Copy out all of the lines below exactly; the pictures do not belong in the copy.

DATA SHOWN:
[Start of section]

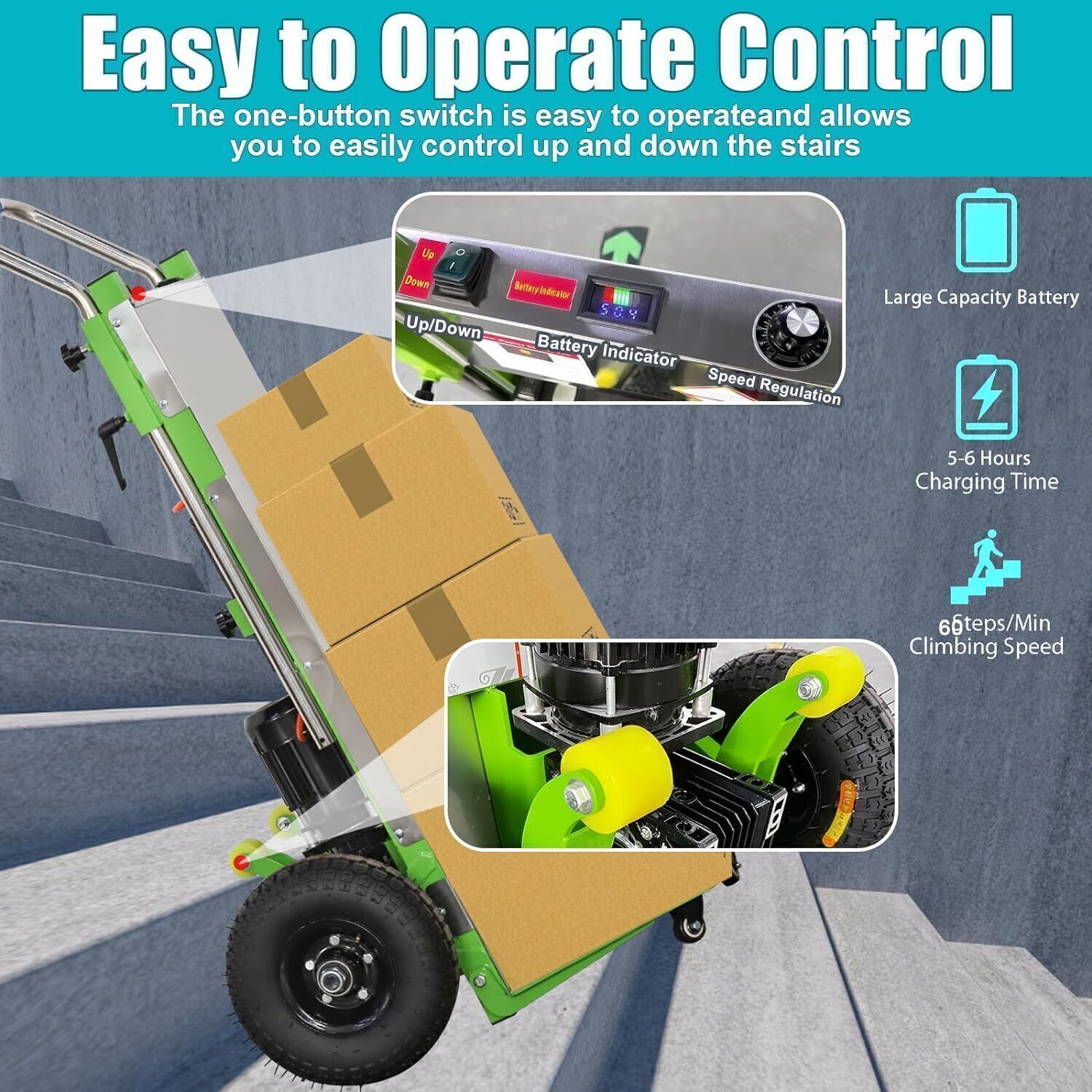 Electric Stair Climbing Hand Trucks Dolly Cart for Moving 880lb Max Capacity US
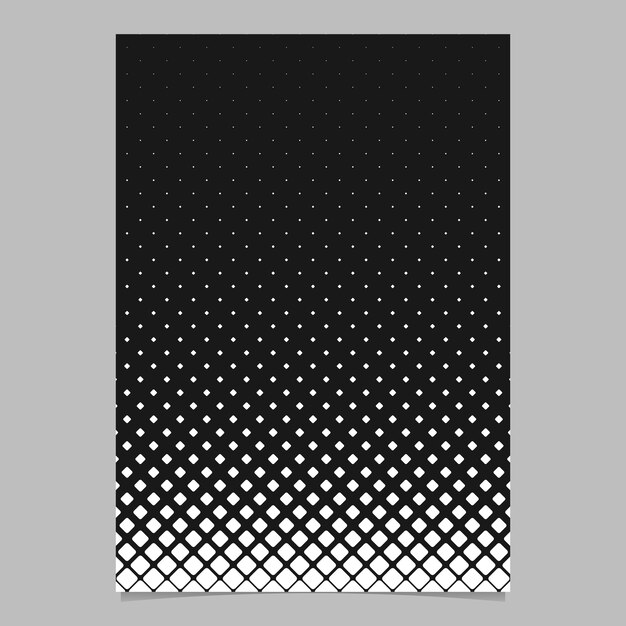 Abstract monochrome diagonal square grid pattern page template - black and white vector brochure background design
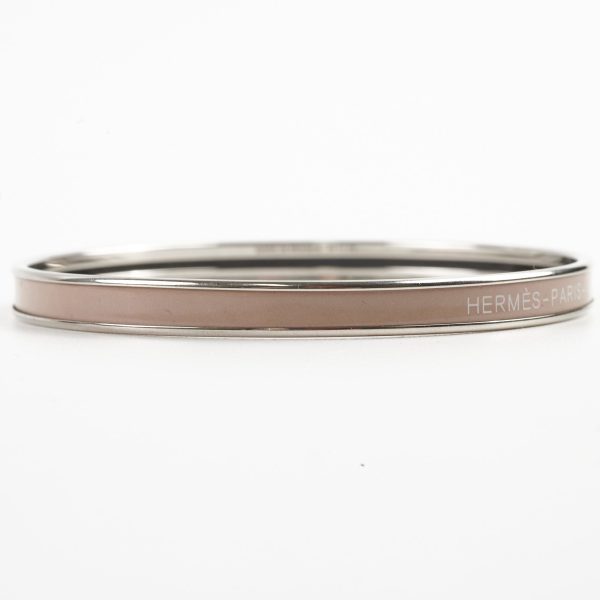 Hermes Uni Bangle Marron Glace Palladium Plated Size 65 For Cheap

[End of section]

ANSWER FOR THIS EXERCISE:
 Electric Stair Climbing Hand Trucks Dolly Cart for Moving 880lb Max Capacity US
 Abstract monochrome diagonal square grid pattern page template - black and white vector brochure background design
 Hermes Uni Bangle Marron Glace Palladium Plated Size 65 For Cheap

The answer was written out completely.